McCallum, group IT infrastructure manager at the engineering consultancy, donned her apron with pockets bulging with balloons. She inflated the balloons with a small pump, and transformed these into different shapes.
McCallum became a balloon twister four years ago when she was looking for a hobby that she can share with her twin children, a boy and a girl, then aged five.
One day she strode to a $2 dollar shop to buy some presents for a child’s party. She espied a pack of 20 balloons and bought it. “I went through that pack in a day, then bought another one,” she says. That weekend, she ordered “proper balloons” from TradeMe and became engrossed in her new hobby, with her children and husband joining in. She enjoyed it so much that sometimes she would sneak into her car on lunch breaks “to make a few things”.
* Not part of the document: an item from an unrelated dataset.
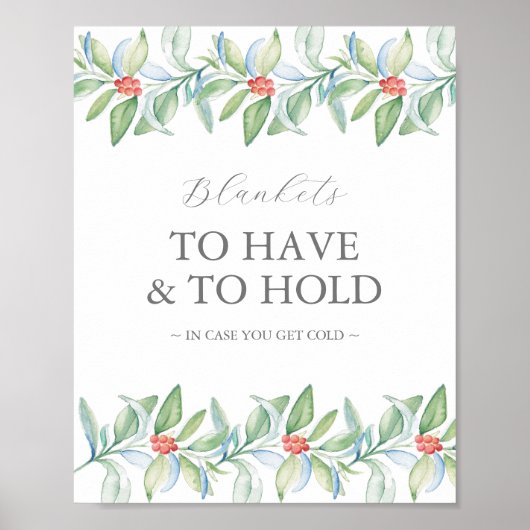 冬の結婚式のサイン緑と白の植物学 ポスター (正面)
Some people call it ‘balloon sculpting’, says McCallum of the process, wherein she fashions several small balloons into a range of interesting shapes.
“My husband does not enjoy it too much now because of the squeaking and popping,” she says, smiling. Her daughter, however, aims to follow her footsteps. “She wants to be a ‘twin twister’.”
The weekend activity became more than a hobby, to a point where she stored balloons in the family fridge. “The fridge is the best place, because the latex likes cool areas,” says McCallum, who now keeps the balloons in an extra fridge.